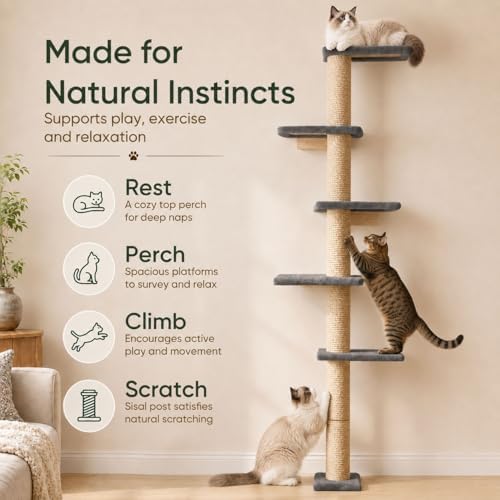 80-Inch Wall-Mounted Cat Tree - Image 4
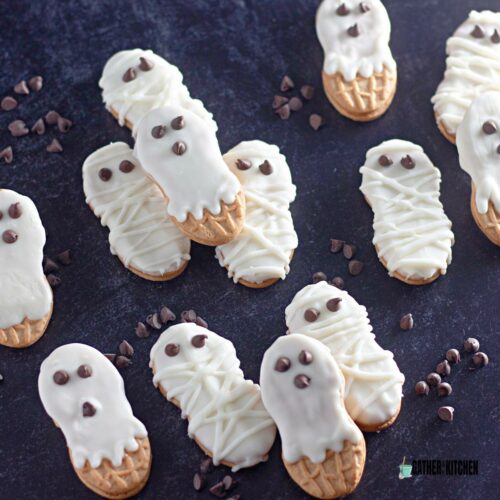 Halloween Nutter Butter Mummy & Ghost Cookies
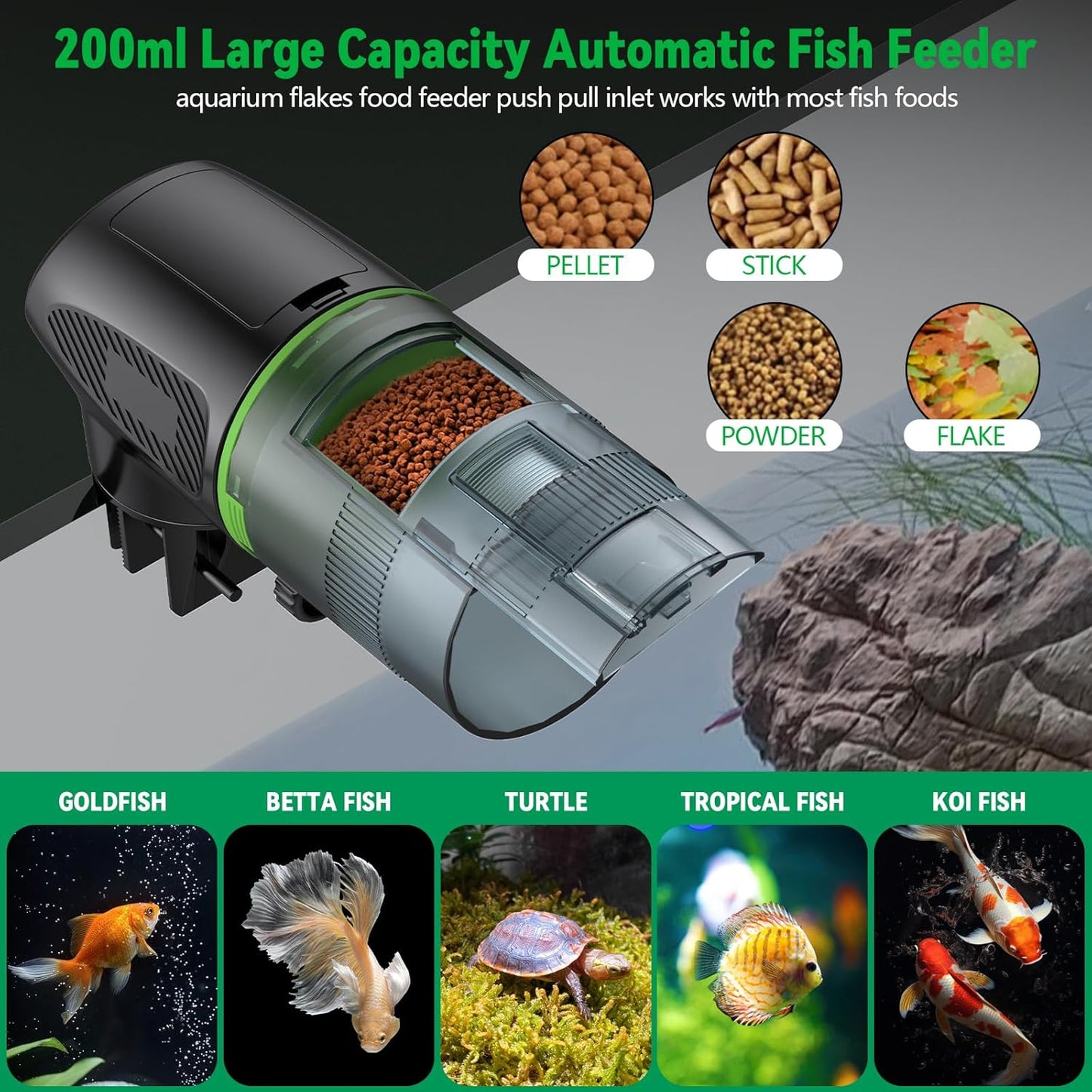 Automatic Fish Feeder for Aquarium, Auto Food Dispenser with Timer, 200 ml Fish Feeder for Pellets Granules & Strips, 360° Rotation Automatic Fishs Dispenser for Small Tank, Big Aquariums & Pond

### EXERCISE BRIEF
Go through the data above and transcribe it in full, omitting any image.

### EXERCISE SOLUTION
 80-Inch Wall-Mounted Cat Tree - Image 4
 Halloween Nutter Butter Mummy & Ghost Cookies
 Automatic Fish Feeder for Aquarium, Auto Food Dispenser with Timer, 200 ml Fish Feeder for Pellets Granules & Strips, 360° Rotation Automatic Fishs Dispenser for Small Tank, Big Aquariums & Pond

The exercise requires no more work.